Work to complete: Copy out, exactly, the first line of the entries below and every line after it through the one containing "2252-Denim Püsküllü Etek Koyu Mavi".

[Opening Extracted material section]

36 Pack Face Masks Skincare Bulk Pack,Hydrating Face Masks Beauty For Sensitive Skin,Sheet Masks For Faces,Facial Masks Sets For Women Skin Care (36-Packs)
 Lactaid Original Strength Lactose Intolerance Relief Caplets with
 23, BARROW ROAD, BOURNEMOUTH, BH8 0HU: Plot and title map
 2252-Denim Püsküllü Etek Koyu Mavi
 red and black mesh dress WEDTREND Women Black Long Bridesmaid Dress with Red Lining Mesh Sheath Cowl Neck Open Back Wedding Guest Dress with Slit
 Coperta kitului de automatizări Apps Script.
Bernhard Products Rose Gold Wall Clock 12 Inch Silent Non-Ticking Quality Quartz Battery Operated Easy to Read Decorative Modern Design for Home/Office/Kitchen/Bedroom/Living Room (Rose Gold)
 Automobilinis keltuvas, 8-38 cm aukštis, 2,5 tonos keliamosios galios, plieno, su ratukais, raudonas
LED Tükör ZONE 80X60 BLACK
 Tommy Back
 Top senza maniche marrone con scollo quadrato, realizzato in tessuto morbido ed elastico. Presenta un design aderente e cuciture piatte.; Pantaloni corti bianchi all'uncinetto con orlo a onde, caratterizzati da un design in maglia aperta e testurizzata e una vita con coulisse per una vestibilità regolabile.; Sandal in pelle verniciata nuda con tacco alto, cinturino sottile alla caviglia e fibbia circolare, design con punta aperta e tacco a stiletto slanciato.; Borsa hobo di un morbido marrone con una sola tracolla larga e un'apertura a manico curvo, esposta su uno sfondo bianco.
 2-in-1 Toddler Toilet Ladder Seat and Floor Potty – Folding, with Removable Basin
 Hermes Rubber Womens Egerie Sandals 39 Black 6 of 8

[Closing Extracted material section]

Completed task:
36 Pack Face Masks Skincare Bulk Pack,Hydrating Face Masks Beauty For Sensitive Skin,Sheet Masks For Faces,Facial Masks Sets For Women Skin Care (36-Packs)
 Lactaid Original Strength Lactose Intolerance Relief Caplets with
 23, BARROW ROAD, BOURNEMOUTH, BH8 0HU: Plot and title map
 2252-Denim Püsküllü Etek Koyu Mavi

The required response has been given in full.